The chronological parallel is obvious: the onset of the Hungarian Uprising on October 23, 1956 and the Israeli onslaught against Egypt on October 29, 1956 are very close to one another in time. However, was there any other connection beyond their simultaneity? Did the two crises have any affect on one another, and if so, how? From among the numerous questions two which arise are of fundamental importance which need our special attention: 1) How much did the outbreak of the Hungarian Revolution affect the planning and execution of the Suez intervention? 2) Did the Suez question influence the tragic fate of the Hungarian Revolution, contributing to the Soviet intervention? In what follows we will try to find responses to these two questions. The simultaneous series of events in Hungary and the in the Middle East received major coverage in the world press. Recalling this "unbelievably feverish period," Andre Fontaine, the editor-in-chief of the foreign political column of Le Monde, says that there were mornings when, affected by the piles of news arriving from these two crises areas, the front page had to be changed several times: "At eight o'clock we decided to emphasize Suez and yet, another half an hour later, Hungary was ahead. And then again it changed."(2) In the minds of many people living at different points of the world, the two conflicts were connected despite the vast geographical distance. For example, in several neutral states as well as among the majority of Canadians and West Germans, the general consensus formed that the Soviets would never have dared to intervene in Hungary with such cruelty and cynicism had the British and the French not handed to them such an outstanding distraction. Hundreds of university students in Hamburg demonstrated with the inscription on their placards: "Eden is the assassin of Budapest." In France, however, the majority of the public emphasized a different aspect of the question: they resented that the UN condemned the Soviet Union only verbally for the Hungarian intervention while, following the British and French action in the Suez Canal, the UN decided to deploy UN forces.(3)
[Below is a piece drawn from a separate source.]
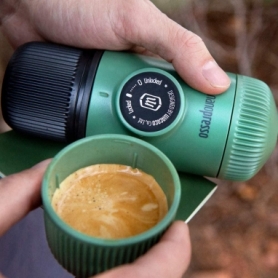 Эспрессо-кофеварка портативная Wacaco Nanopresso Moss Green с чехлом (KZ1078) - Фото №4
The contemporary Hungarian press, daily papers, and the Budapest Hungarian radio regularly reported developments in the Suez crisis from October 29 on. Except for foreign reaction to the Hungarian Revolution, this was the most extensively discussed topic of the foreign news. Based on news agency reports and newspaper coverage, the events of the Suez action were covered closely. Great attention was given to debates within the UN since these related to the Hungarian question as well. Later, due to the fact that the revolutionaries had greatly expected to receive military aid during the uprising but that none was forthcoming, and due to the propaganda of the Kadar regime, an unfavorable view of the French and British took root in Hungary. This view held that the French and British followed their self-interest in ignoring Hungary, even as the occupation by the Soviet Union developed, in order to use the situation to attack Egypt.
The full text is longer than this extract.